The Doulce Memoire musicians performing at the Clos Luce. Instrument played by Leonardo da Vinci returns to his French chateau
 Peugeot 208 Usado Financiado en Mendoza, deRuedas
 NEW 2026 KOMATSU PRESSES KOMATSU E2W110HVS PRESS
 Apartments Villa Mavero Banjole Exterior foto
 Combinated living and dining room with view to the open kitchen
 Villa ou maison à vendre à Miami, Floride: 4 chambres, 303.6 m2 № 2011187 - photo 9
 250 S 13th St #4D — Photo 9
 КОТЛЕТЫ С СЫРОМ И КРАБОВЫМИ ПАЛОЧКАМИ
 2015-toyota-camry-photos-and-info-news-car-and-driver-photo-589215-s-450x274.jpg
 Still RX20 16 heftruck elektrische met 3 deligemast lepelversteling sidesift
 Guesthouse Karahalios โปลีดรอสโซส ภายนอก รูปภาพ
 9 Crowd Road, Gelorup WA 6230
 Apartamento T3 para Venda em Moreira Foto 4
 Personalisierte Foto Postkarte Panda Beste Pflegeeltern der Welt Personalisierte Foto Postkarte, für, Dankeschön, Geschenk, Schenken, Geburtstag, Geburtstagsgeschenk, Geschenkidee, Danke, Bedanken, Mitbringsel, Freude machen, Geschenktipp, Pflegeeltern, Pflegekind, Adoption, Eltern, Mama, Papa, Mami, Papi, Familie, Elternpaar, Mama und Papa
========
> **WHAT THIS TASK INVOLVES**
If the string "Villa" appears in a line of the entries, report the line.

> **ANSWER SECTION**
 Apartments Villa Mavero Banjole Exterior foto
 Villa ou maison à vendre à Miami, Floride: 4 chambres, 303.6 m2 № 2011187 - photo 9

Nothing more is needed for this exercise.